=== Provided records ===

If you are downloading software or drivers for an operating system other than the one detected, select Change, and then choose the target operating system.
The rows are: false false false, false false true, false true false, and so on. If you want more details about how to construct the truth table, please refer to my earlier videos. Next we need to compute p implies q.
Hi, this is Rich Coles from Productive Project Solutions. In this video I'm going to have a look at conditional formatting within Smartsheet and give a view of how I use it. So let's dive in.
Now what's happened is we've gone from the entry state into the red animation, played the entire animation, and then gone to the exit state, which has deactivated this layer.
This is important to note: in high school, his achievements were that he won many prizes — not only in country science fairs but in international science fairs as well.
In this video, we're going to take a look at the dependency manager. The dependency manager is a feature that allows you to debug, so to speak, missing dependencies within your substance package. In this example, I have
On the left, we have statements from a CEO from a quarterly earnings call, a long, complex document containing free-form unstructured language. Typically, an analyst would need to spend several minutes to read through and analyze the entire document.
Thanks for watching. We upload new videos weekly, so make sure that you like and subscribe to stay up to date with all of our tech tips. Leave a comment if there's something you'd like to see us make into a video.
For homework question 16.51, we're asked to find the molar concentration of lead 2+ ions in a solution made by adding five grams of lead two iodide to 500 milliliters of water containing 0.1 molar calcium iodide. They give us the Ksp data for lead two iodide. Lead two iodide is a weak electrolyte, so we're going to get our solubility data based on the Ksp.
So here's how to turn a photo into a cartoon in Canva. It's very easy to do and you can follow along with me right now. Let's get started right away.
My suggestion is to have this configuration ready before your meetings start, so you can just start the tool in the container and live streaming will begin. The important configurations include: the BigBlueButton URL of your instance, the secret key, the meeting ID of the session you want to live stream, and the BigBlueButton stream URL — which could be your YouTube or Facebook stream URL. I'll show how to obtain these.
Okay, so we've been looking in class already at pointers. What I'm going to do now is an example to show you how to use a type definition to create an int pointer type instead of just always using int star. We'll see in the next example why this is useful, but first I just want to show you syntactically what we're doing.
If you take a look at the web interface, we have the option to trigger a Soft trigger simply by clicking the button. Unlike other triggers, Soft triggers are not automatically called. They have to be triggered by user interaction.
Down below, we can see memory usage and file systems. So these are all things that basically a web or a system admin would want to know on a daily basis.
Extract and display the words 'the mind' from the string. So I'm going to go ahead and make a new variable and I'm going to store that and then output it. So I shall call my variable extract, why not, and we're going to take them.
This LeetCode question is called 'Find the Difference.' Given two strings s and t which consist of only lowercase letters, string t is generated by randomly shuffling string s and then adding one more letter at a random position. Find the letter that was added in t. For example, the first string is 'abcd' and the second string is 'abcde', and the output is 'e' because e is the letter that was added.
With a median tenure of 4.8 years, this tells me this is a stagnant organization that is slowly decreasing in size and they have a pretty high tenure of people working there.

===

**Your task:** In the records above, find the line containing "Now what's happened" and restate word for word every line from the first through that one.

**Answer area:**
If you are downloading software or drivers for an operating system other than the one detected, select Change, and then choose the target operating system.
The rows are: false false false, false false true, false true false, and so on. If you want more details about how to construct the truth table, please refer to my earlier videos. Next we need to compute p implies q.
Hi, this is Rich Coles from Productive Project Solutions. In this video I'm going to have a look at conditional formatting within Smartsheet and give a view of how I use it. So let's dive in.
Now what's happened is we've gone from the entry state into the red animation, played the entire animation, and then gone to the exit state, which has deactivated this layer.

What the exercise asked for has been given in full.